過ぎる十七の春 (角川文庫)
過ぎる十七の春 (角川文庫) / 感想・レビュー
ちょろこ
17歳、運命の春の一冊。従兄弟同士の直樹と隆が迎えた17歳の誕生日。それは紛れもない二人にとって運命の春だったというストーリー。春という季節をうっとりするほどの美しい色彩溢れる言葉で堪能し、抗えない運命と言える17歳を迎えることの意味を恐怖と共に堪能した。ホラー感は小野さんらしく、肌が粟立つような描写が絶品。そこに重なる母子の関係が不安感と謎をより高めていき、次第に紐解かれていく運命の原点はミステリ要素で満たされる。母の、子への深い愛、そして決して屈しない強さが春の陽だまりと眩しさに溶けあうような読後感。
2023/04/23
ミュポトワ@猫mode
夏なのでホラーを。ということで、積んであったのを忘れていた、小野不由美先生の本を読んでみた。怖い。これは怖い。ホラー好きの俺垂涎の一品。怖くてゾクゾクした♪ただ、ラストがなぁ…エピローグは好きなのよ。その前のラストがなぁ…まだ小野先生が若いころの作品だからってことかもしれないけど、緑の我が家のラストがすさまじく良かっただけに、ちょっとなぁって思ってしまった。化け物退治はもっとスパン!って終わってもらえると読んでいて爽快なんだけどなぁ。
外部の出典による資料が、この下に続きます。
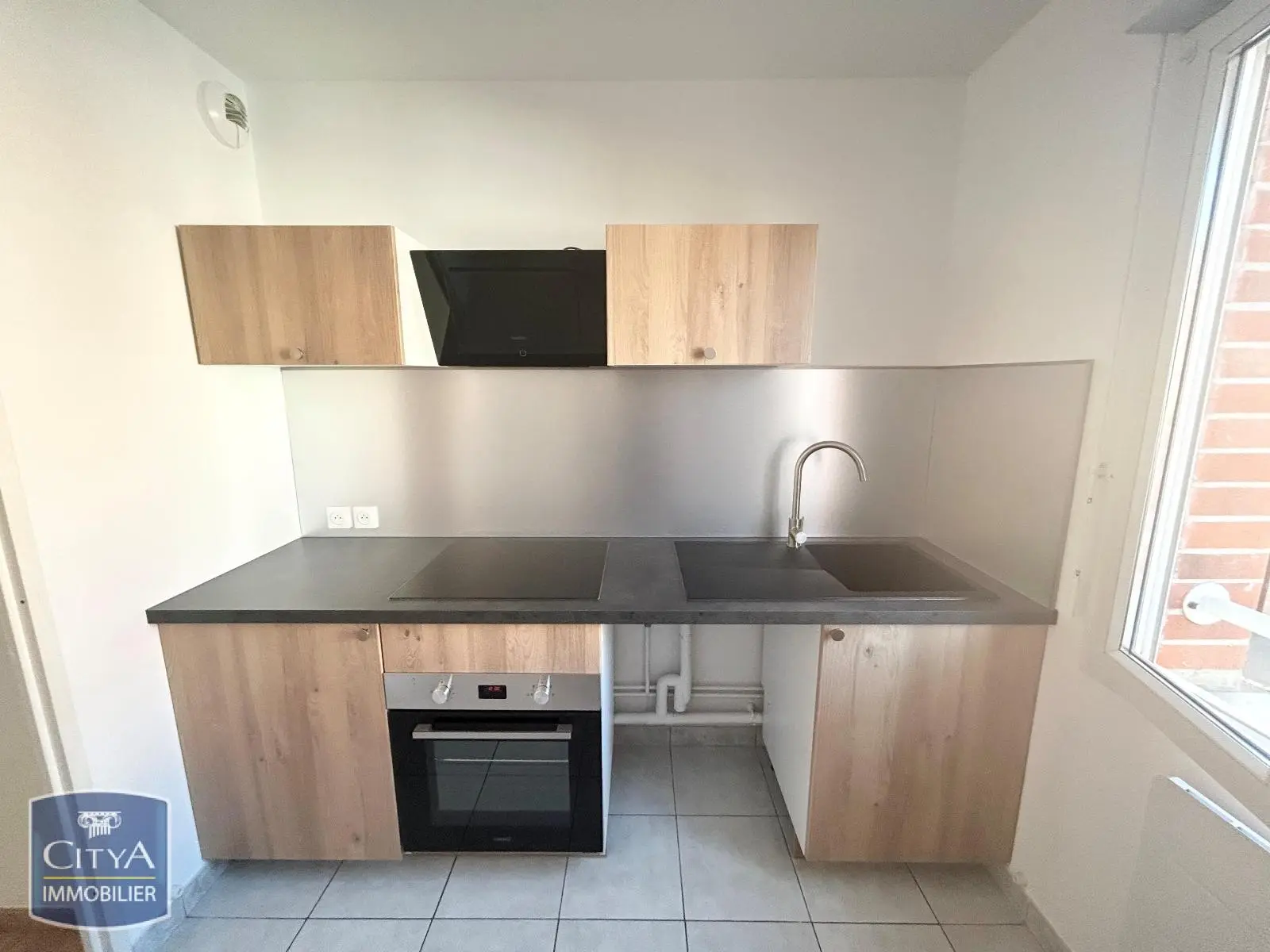 Photo 4 Appartement 2 pièces 50.32m²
その部分はちょっと残念でした。でも全体通して怖くて面白かったですよ!
2023/08/08
ままこ
情景描写が上手いなぁ。風情あふれる美しい花の里。そこに住む従兄弟の隆の家へ、毎年春と夏に遊びに行く直樹と典子兄妹。春爛漫の長閑な感じから、異様な気配が見え隠れし次第にその気配は色濃くなる。ある日を境に穏やかだった隆の性格が冷淡に豹変し、母親は憂い怯えたようになり…。もうすぐ17歳になる直樹と隆。この歳が何を意味するのか気になり一気読み。強い想いが呪詛を生み、それを跳ね除けるのも強い想いだった。猫の三代も大活躍。恐ろしく切ないが、温かみのある読後感。今の季節にぴったりのホラーミステリ。
2023/03/27
えみ
絶妙なタイトル。恐怖に支配され怨みに圧倒された青春ホラー&ミステリ。昨日まであった当たり前の日常、今日失くした風景、所詮は夢幻の桃源郷…呪われた未来に囚われた17歳の春。代々繰り返される悲劇の果てに立っている彼らはどんな地獄を覗くことになったのか。その女は誰だ?昏い運命がひたひたと近寄ってきていることも知らずに従弟同士の直樹と隆は17歳の誕生日を前に再会する。闇が震える程の恨み、人の心を破壊するには十分な憎悪。初刊行から30年以上経った今も全く色褪せない悲劇が描かれている。これが追い詰められた者の末路か。
2023/01/30
ひさか
1990年7月朝日ソノラマパンプキン文庫刊呪われた十七歳を加筆修正、改題し、2016年3月講談社X文庫ホワイトハート版の過ぎる十七の春刊行。さらに加筆修正し、2023年1月角川文庫化。前半の展開は冗長。後半はそれなりの展開があり、怖いけど驚きは少なかった。